Q年末調整の際に定額減税の対象となる人とは。
A年末調整の対象となる人が、原則として、年調所得税額から年調減税額を控除する年調減税の対象者となります。ただし、年末調整の対象となる人のうち、給与所得以外の所得を含めた合計所得金額が1,805円を超えると見込まれる人については、年調減税額を控除しないで年末調整を行うことになります。
※年末調整において合計所得金額が1,805円をこえるかどうか確認する際には、基礎控除申告書などにより把握した合計所得金額を用います。
※年少扶養親族は扶養控除の対象となりませんが、年調減税額の計算の対象になります。
Q年調減税額の計算方法は。
年調減税額は、本人30,000円と、同一生計配偶者と扶養親族1人につき30,000円との合計額となります。
※「扶養控除等(異動)申告書」や「配偶者控除等申告書」などから、年末調整を行う時の現況による同一生計配偶者の有無及び扶養親族の人数を確認することになります。
なお、同一生計配偶者を年調減税額の計算に含めるためには、「配偶者控除等申告書 兼 年末調整に係る定額減税のための申告書」にその配偶者を記載して提出する必要があります。
Q年調減税額の控除
年調減税額の控除は、住宅借入金等特別控除後の所得税額(年調所得税額)から、その住宅借入金特別控除後の所得税額を限度に行います。
Q年末調整の結果、控除しきれなかった年調減税額については、令和7年1月以降に支給される給与等に係る源泉徴収税額から控除しますか。
年末調整の結果、控除しきれなかった年調減税額については、源泉徴収票に年調減税額の控除外額と記載し、令和7年1月以降に支給される給与等に係る源泉徴収税額からは控除しません。
Q年末調整を了した後に作成する源泉徴収票には、定額減税額等をどのように記載しますか。
給与所得の源泉徴収票の適用欄に、実際に控除した年調減税額を「源泉徴収時所得税減税控除済額×××円」、控除しきれなかった金額を「控除外額×××円」(控除しきれなかった金額がない場合は「控除外額0円」)と記載します。
合計所得金額が1,000万円超である居住者の同一生計配偶者(以下「非控除対象配偶者」)分を年調減税額の計算に含めた場合には、上記に加えて「非控除対象配偶者減税有」と記載します。
(記載例)年末調整を行った一般的な場合
源泉徴収時所得税減税控除済額×××円、控除外額×××円
Q令和6年分の給与の収入金額が2,000万円以下となりますが、給与以外の収入があり令和6年分の合計所得金額が1,805万円を超える給与所得者の源泉徴収票には、定額減税額等をどのように記載しますか。
年末調整の対象となる給与所得者については、源泉徴収票への定額減税額等の記載が必要です。
なお、給与以外の収入があり令和6年分の合計所得金額が1,805万円を超える人は、定額減税の対象とならないため、「給与所得の源泉徴収票」の「(適要)欄」には「源泉徴収時所得税額減税控除額0円、控除外額0円」と記載してください。
Q. 年調減税を計算するに当たって、給与所得者から新たに申告書を提出してもらう必要がありますか。
A. 年調減税額の計算に含める同一生計配偶者の有無や扶養親族の人数については、その給与所得者の提出した扶養控除等申告書や配偶者控除等申告書で把握することになっています。
さらに、令和6年中の所得金額の見積額が1,000万円超の給与所得者の同一生計配偶者について、年調減税額の計算に含める場合には、「年末調整に係る申告書」を年末調整時までに提出する必要があります。
各種申告書・記載例(扶養控除等申告書など)|国税庁 (nta.go.jp)
※基礎控除申告書などの提出がなく、給与所得者の合計所得金額の見積額の確認ができない場合は、給与所得者から給与所得者の合計所得金額の見積額の通知を受け、給与所得者が年調減税の対象か判断することになります。

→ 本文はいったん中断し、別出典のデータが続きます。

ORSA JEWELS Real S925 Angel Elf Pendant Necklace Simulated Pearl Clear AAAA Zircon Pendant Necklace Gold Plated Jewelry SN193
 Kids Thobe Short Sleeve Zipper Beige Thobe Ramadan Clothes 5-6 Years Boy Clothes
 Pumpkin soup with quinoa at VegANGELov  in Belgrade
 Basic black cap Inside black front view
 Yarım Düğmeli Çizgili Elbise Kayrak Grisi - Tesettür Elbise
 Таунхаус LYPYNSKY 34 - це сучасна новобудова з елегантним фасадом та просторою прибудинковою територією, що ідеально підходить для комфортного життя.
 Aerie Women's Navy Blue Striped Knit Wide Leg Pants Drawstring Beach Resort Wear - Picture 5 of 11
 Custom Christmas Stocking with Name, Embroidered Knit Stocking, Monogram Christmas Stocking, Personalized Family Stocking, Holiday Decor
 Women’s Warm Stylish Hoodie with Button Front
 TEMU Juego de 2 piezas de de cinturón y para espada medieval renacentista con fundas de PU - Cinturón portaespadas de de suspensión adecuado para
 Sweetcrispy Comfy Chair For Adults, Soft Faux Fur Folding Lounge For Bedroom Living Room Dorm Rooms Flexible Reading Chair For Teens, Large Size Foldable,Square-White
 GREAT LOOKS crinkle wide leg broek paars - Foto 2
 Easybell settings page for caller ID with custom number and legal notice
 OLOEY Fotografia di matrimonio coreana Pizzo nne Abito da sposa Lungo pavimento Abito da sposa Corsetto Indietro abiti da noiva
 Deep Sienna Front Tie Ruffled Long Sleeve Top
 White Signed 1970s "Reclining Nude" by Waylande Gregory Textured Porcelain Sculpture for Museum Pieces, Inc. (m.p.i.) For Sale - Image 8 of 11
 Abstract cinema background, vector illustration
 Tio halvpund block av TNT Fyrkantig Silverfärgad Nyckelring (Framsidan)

なお、この通知については、口頭やメール等で行っても差し支えありません。
Q令和6年6月の時点で扶養親族であった親族が、年の中途で亡くなりました。年調減税額の計算に含めますか。
令和6年6月の時点では扶養親族であった親族が、年の中度で死亡した場合については、その死亡の日の現況で扶養親族であると判定されるのであれば、年調減税額の計算に含めることとされています。